• [PROBLEM TO SOLVE] In the records below, find the line with "IX. Eheliche Abstammung", then copy each line exactly until you have copied the line with "Symbols for virtual". Leave any picture out.

• [TASK INPUT]

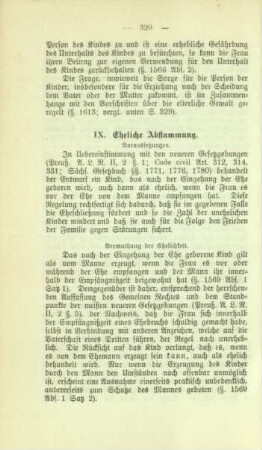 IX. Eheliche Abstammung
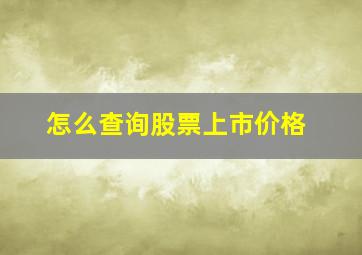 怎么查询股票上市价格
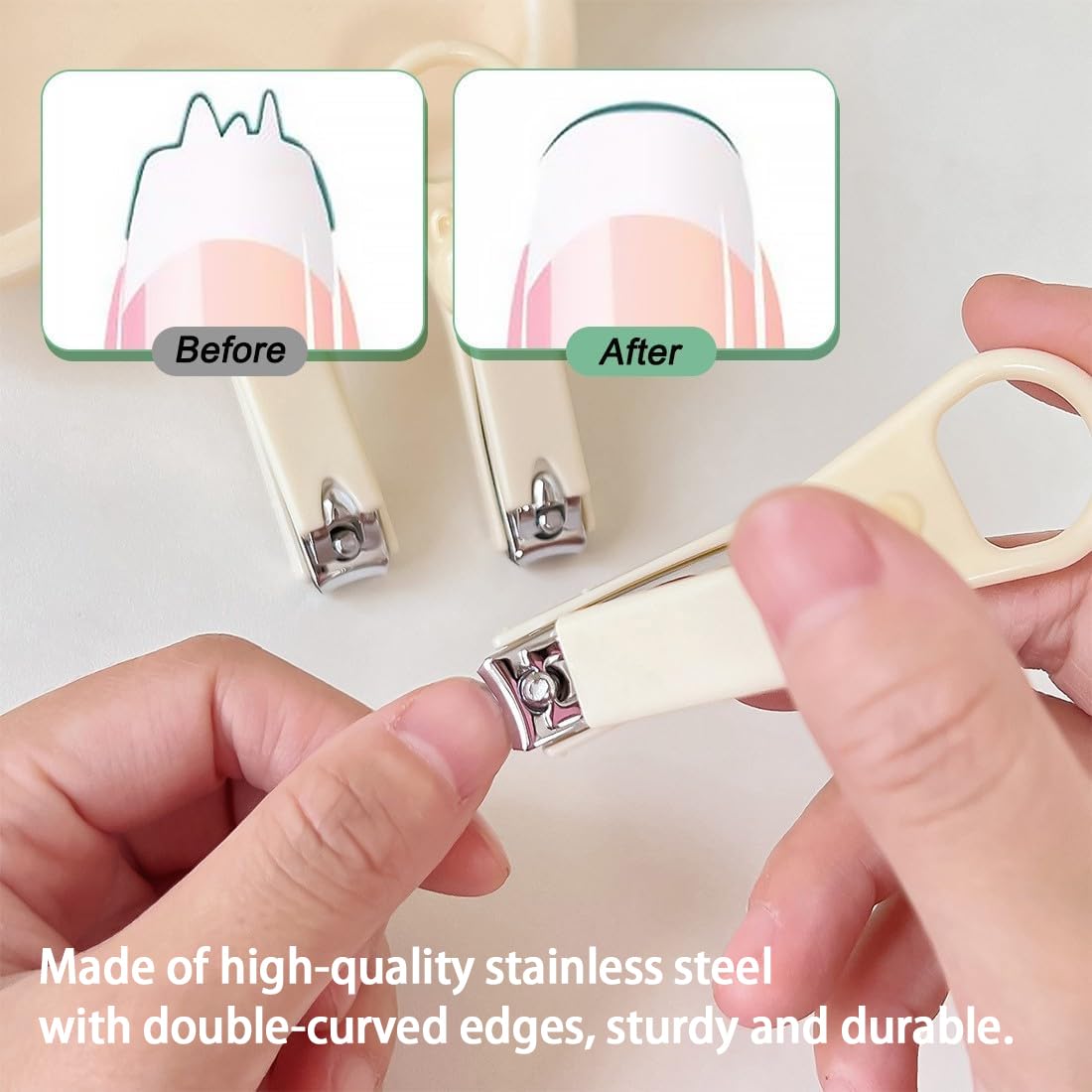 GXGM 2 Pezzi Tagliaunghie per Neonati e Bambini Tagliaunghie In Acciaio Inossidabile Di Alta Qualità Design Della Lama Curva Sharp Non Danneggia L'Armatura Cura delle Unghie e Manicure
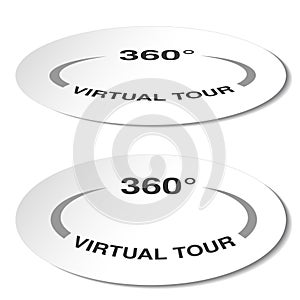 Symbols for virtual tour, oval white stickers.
---
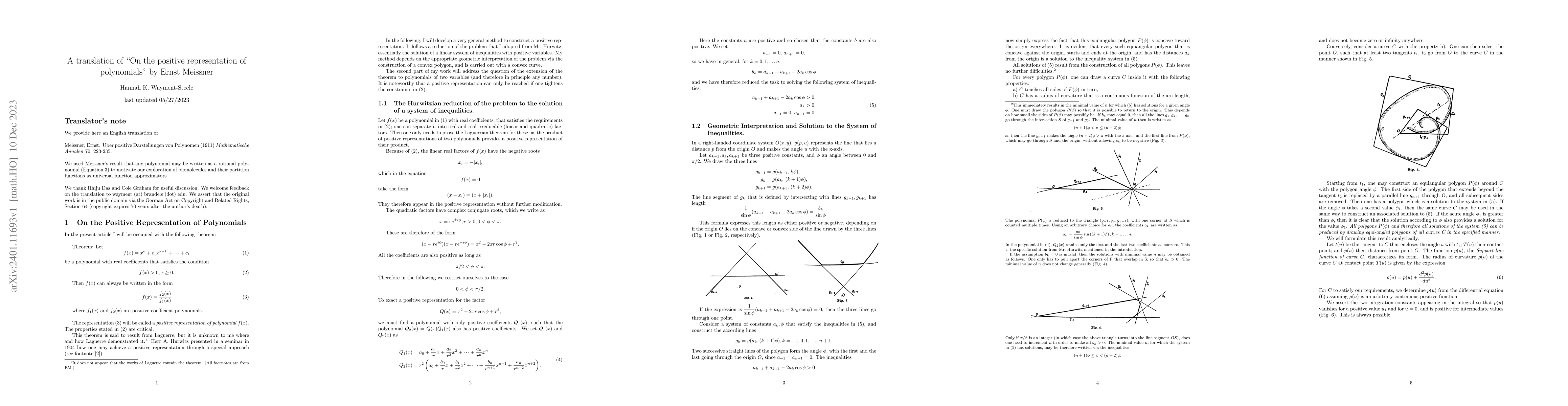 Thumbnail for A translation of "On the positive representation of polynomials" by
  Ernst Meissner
...
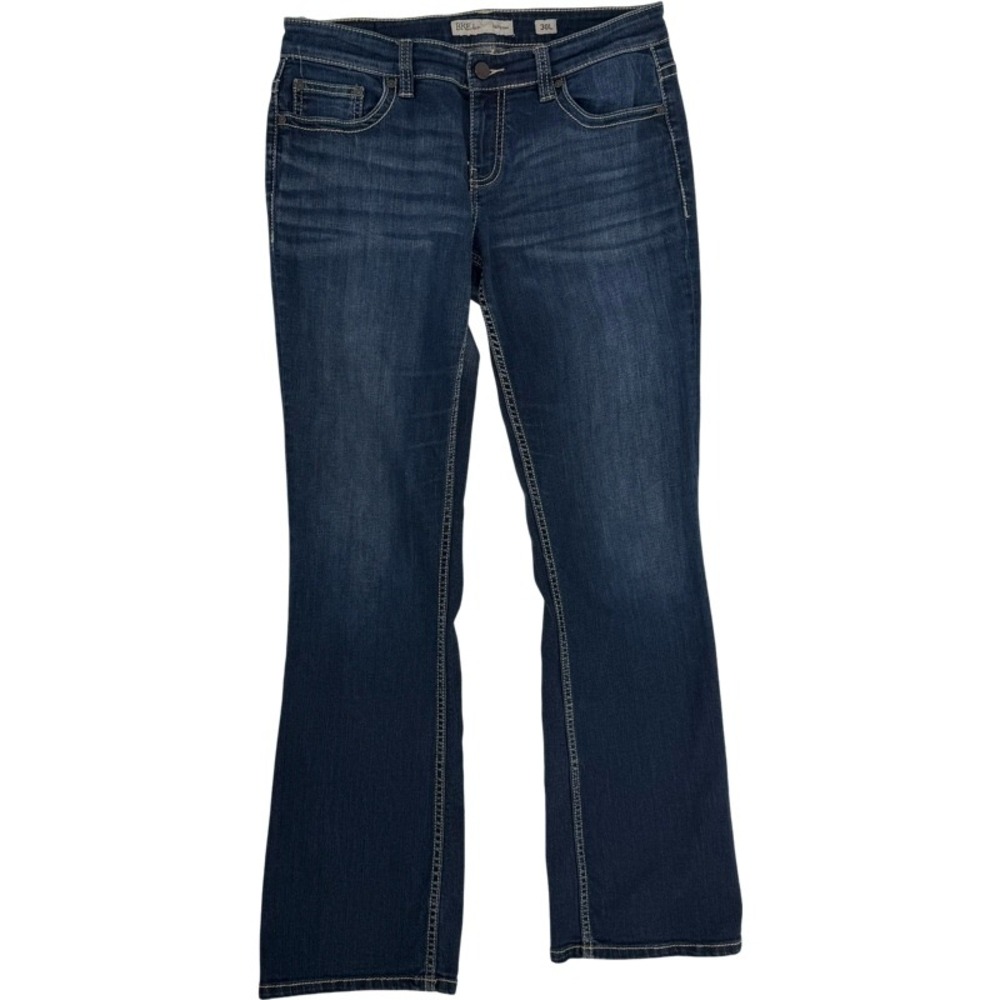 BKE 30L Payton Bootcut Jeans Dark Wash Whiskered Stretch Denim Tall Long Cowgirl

• [TASK ANSWER]
 IX. Eheliche Abstammung
 怎么查询股票上市价格
 GXGM 2 Pezzi Tagliaunghie per Neonati e Bambini Tagliaunghie In Acciaio Inossidabile Di Alta Qualità Design Della Lama Curva Sharp Non Danneggia L'Armatura Cura delle Unghie e Manicure
 Symbols for virtual tour, oval white stickers.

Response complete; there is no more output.